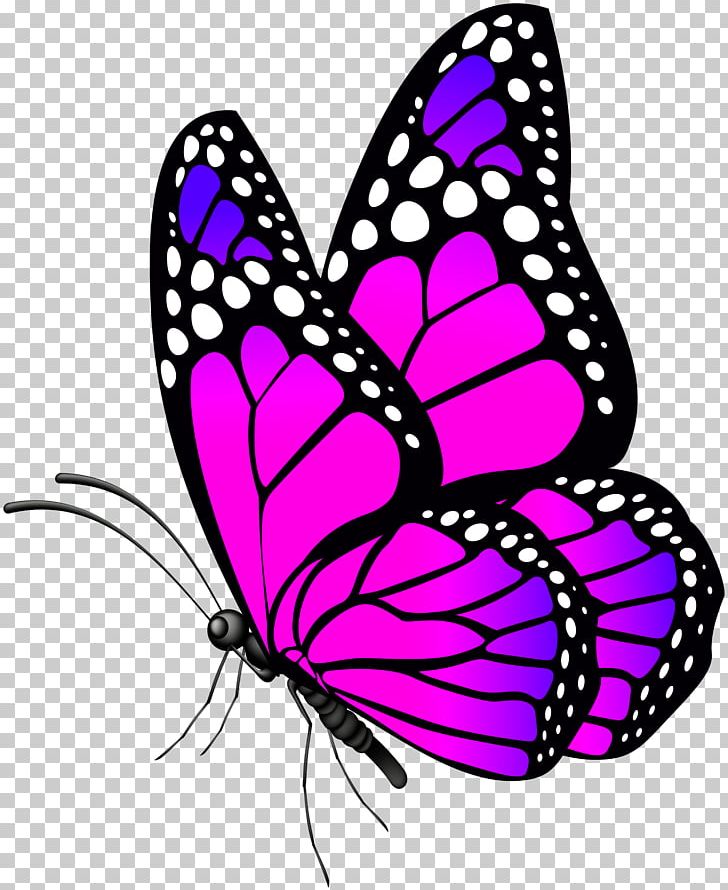 Butterfly Desktop PNG, Clipart, Artwork, Blue, Brush Footed Butterfly, Butterflies And Moths, Color Free PNG Download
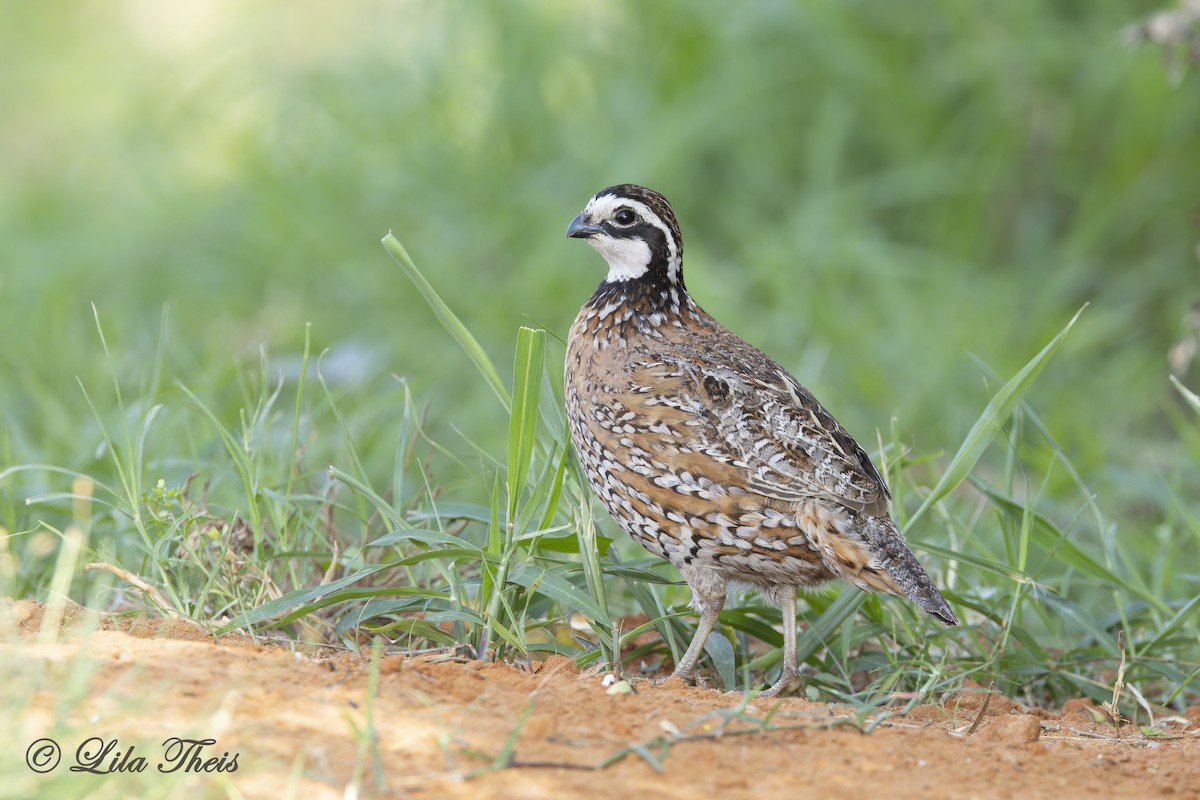 Northern Bobwhite - Lila Theis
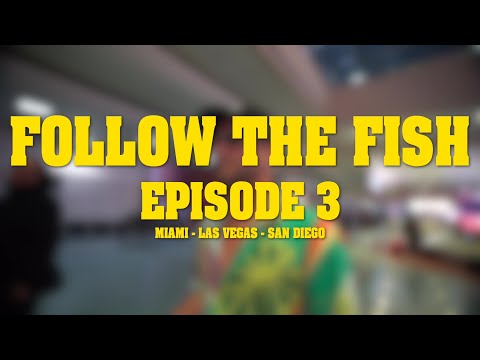 FOLLOW THE FISH TV EP. 3: THE HAT TRICK!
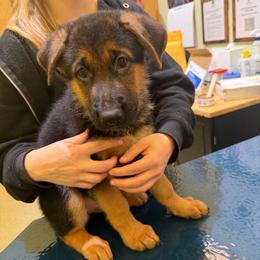 Bowzer - Black and tan male German Shepherd puppy in Troy, New York from Vom Kalte Stadt
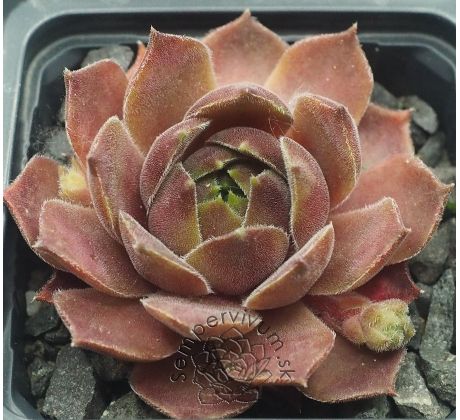 Sempervivum SMOKEY JET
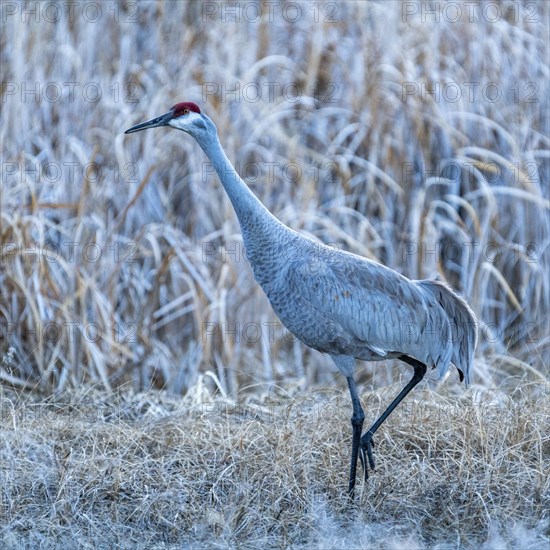 Sandhill crane (Antigone canadensis) in marsh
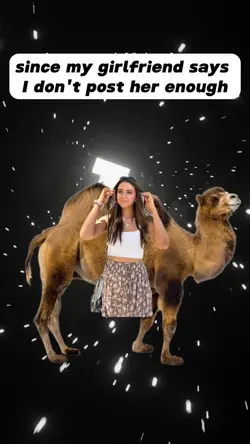 Funny reveal video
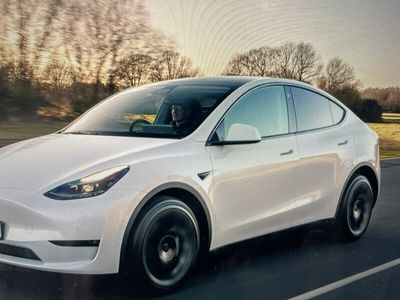 begagnad Tesla Model Y 2023 Vit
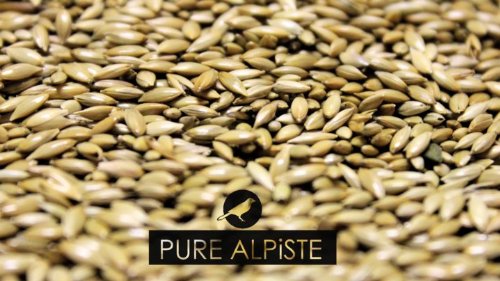 Alpiste Canary Seed 5 Lbs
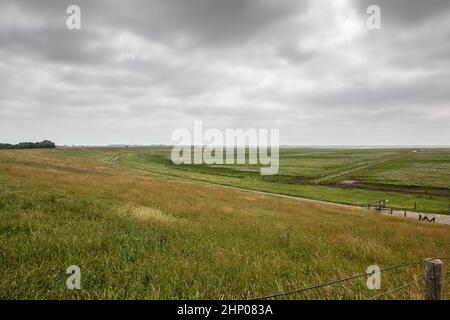 Grüne flache Salzwiesen in der Nähe der Nordsee Stockfoto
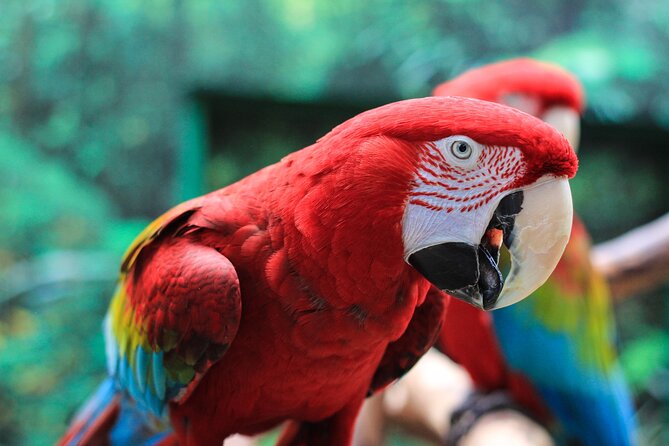 Bloedel Conservatory Admission Ticket - The calm side of the conservatory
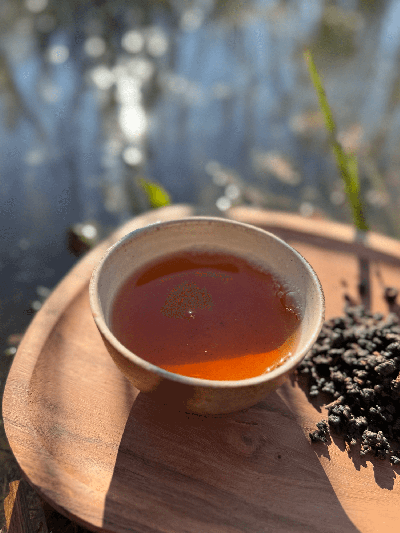 Hong cha, černý čaj, Taiwan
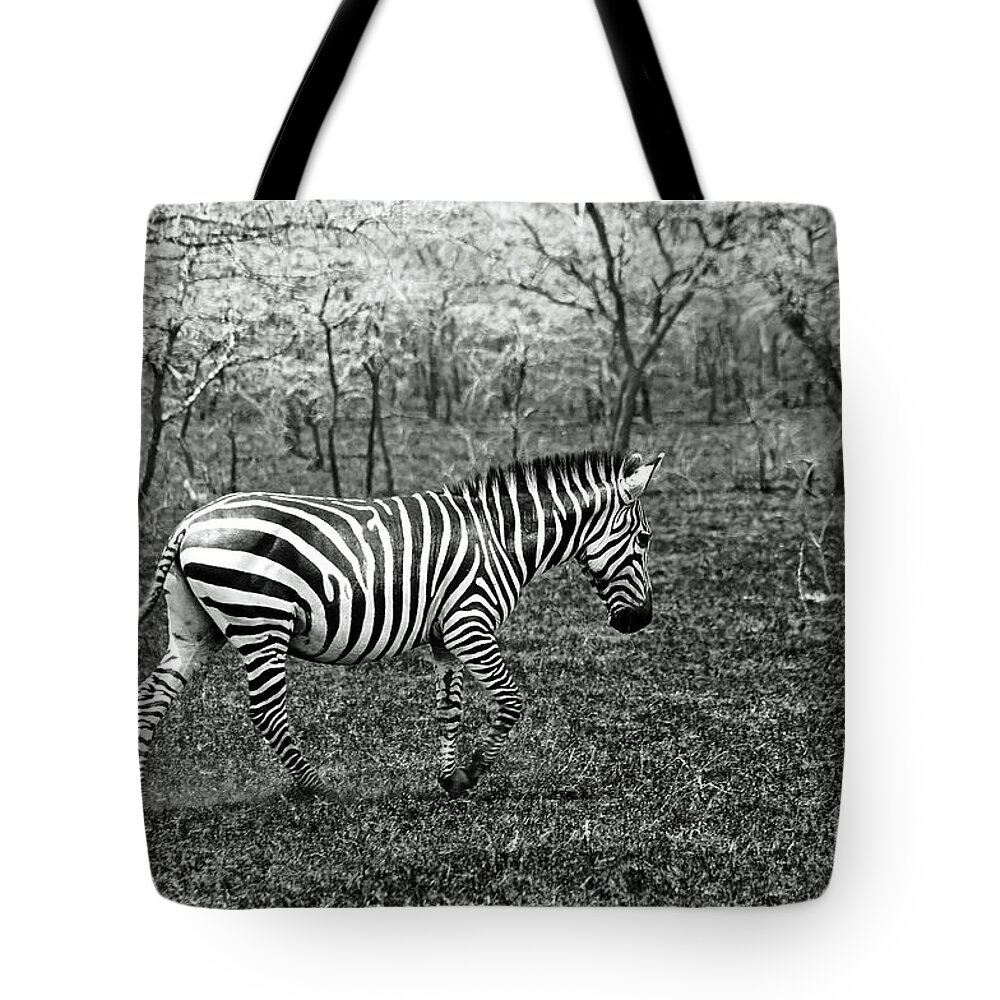 Uganda Tote Bag featuring the photograph Lone Zebra by Michael Cinnamond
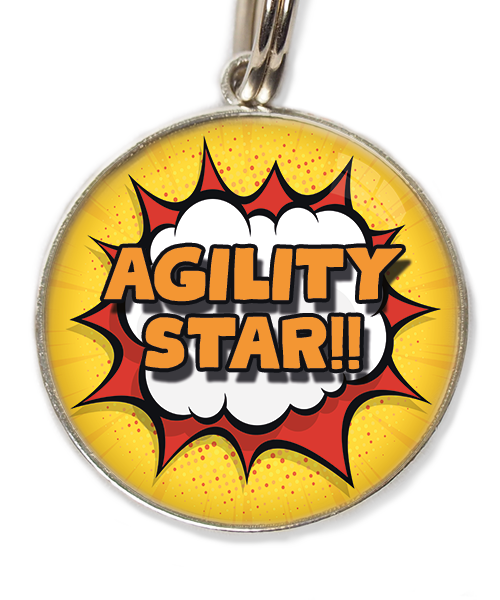 agility-star-huisdierpenning-oranje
────────────────────
__WORK TO BE COMPLETED__. Your output is the lines from the top of the entries through the line containing "Alpiste Canary Seed 5 Lbs", exactly as they stand. No pictures belong in it.

__EXPECTED ANSWER__.
 Butterfly Desktop PNG, Clipart, Artwork, Blue, Brush Footed Butterfly, Butterflies And Moths, Color Free PNG Download
 Northern Bobwhite - Lila Theis
 FOLLOW THE FISH TV EP. 3: THE HAT TRICK!
 Bowzer - Black and tan male German Shepherd puppy in Troy, New York from Vom Kalte Stadt
 Sempervivum SMOKEY JET
 Sandhill crane (Antigone canadensis) in marsh
 Funny reveal video
 begagnad Tesla Model Y 2023 Vit
 Alpiste Canary Seed 5 Lbs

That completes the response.